The decision follows a Dec. 28, 2020 incident where Bohm’s department issued 2015 Jeep Patriot was stolen from his garage with his AR-15 inside of it.

A written command letter determined Bohm violated two department polices. One for failing to secure “a department-issued utility rifle,” the other violation was for leaving the keys to his DPD vehicle in his garage allowing the Jeep and items of DPD property inside the vehicle to be stolen.

The recommendation from Internal Affairs was an 18-day suspension for the stolen AR-15 and a three-day suspension for the careless handling of his car keys but the three-day suspension was to be served concurrently with the first violation, resulting in a total suspension of 18 days.

FOX31 has obtained an Order of Disciplinary Action through a public records request that reveals why Mary Dulacki, the Chief Deputy Executive Director for the Department of Safety overturned Police Chief Paul Pazen’s recommendation to suspend Bohm.

On Dec. 28, 2020, Bohm reported to Arvada Police that his police Jeep had been stolen early that morning. Bohm told Arvada investigators that his department issued AR-15 was hidden under some blankets and backpacks in the rear of the Jeep.

Bohm said on Dec. 23, 2020 he backed his police Jeep into the right side of his garage, next to his wife’s car which was also backed into the garage. Bohm then said he parked his personal vehicle in the driveway in front of the police vehicle “nose to nose” outside the garage door.

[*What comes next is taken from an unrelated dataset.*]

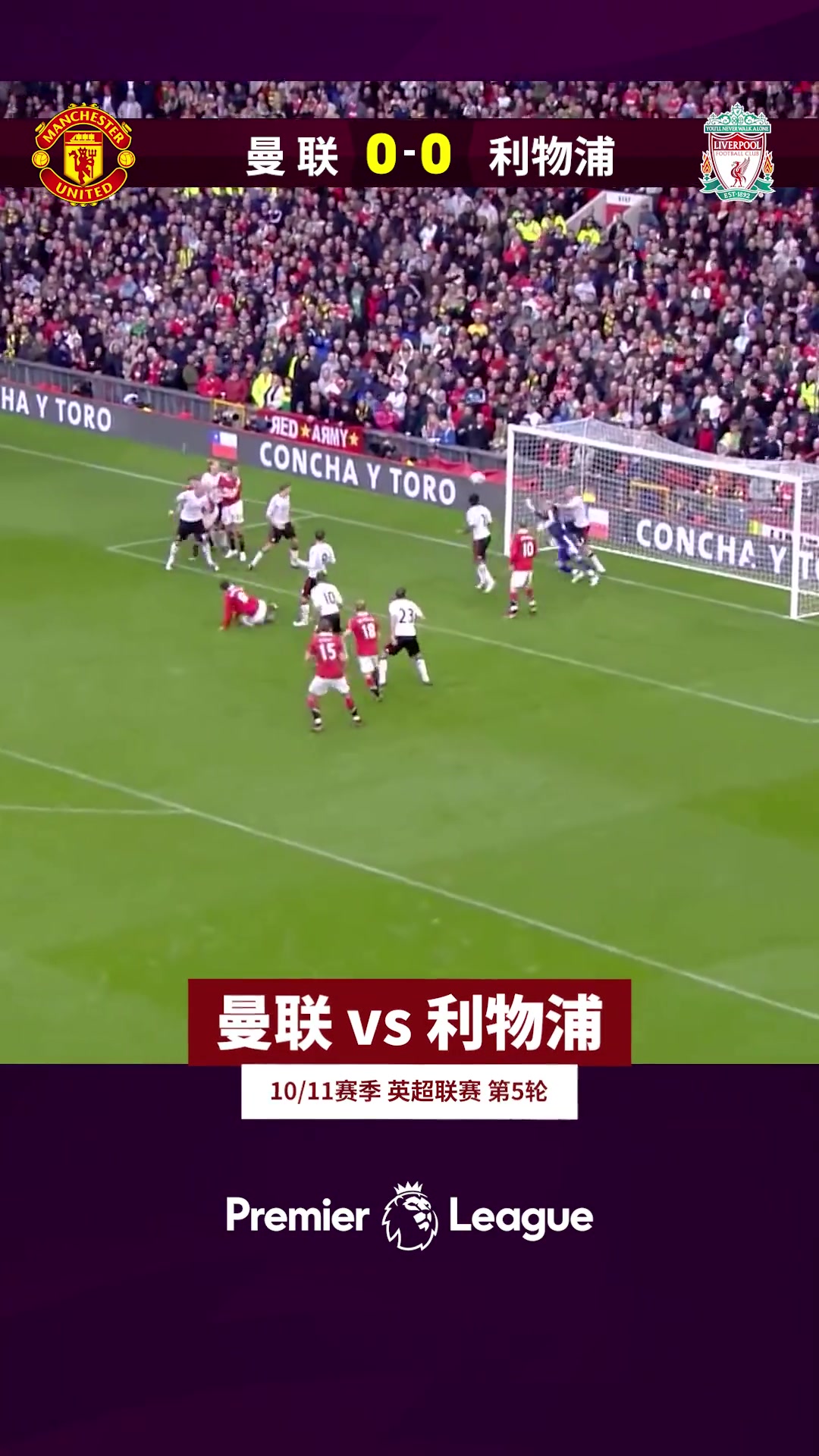 詹俊视频：曼联现在最大的问题是锋无力，如果阵中能有当年潇洒哥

Bohm remembered that he removed his keys and left them in his jacket on a refrigerator next to the door inside the garage before entering his home.

On Dec. 28, 2020 just after 5 a.m., Bohm reported that he “heard two vehicles leaving at a fast rate of speed in front of his residence” and when he went into his garage he discovered his garage door was open and his police vehicle was missing and his wife’s vehicle had front-end damage because the thieves sideswiped it to drive out of the garage without hitting Bohm’s personal vehicle parked in the driveway.

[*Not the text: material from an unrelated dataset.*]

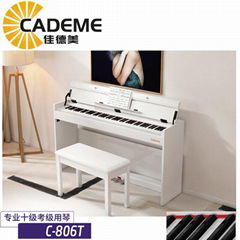 泉州佳德美教学钢琴88键重锤智能电钢琴C-806T木纹款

In addition to the AR-15, the stolen Jeep contained three loaded AR-15 magazines, a tactical vest, two plates, a tactical helmet and a flip down visor light and a high-tech radio.

It turns out the thieves had found Bohm’s garage door opener in his personal vehicle in the driveway that Bohm’s wife said she had left unlocked after driving her husband’s car the day before.

On Jan. 11, the AR-15 with one fully loaded magazine was recovered in Douglas County during the arrest of an individual on drug and weapons charges.

The police vehicle was recovered Feb. 4, in Denver but investigators found no fingerprints and said it appeared the vehicle had been sprayed down with a solvent and then wiped.

At the chief’s hearing on May 26, Bohm explained that on Dec. 25, 2020 he began his rotation as the on-call detective for the District 2 Narcotics Unit which required him to have his vehicle packed with all his necessary equipment if he needed to respond at a moment’s notice.

An internal affairs investigator determined that Bohm failed to secure his AR-15 to prevent it from being stolen and was careless with his car keys.

But Dulacki wrote in her discipline order that because the vehicle assigned to Bohm did not have a locked rack or a trunk for him to lock the AR-15 inside of, he could not be held accountable when he made a good faith effort to hide the rifle under blankets in the back of his Jeep.

In addition, Dulacki found that because his police vehicle and keys were inside a locked attached garage it would be “unreasonable to fail to consider those steps as the functional equivalent of a ‘locked storage device.’”

As a result, Dulacki wrote the “Chief of Police’s Written Command ordering disciplinary action against Detective Bohm is disapproved and findings of Exonerated shall be entered for each violation.”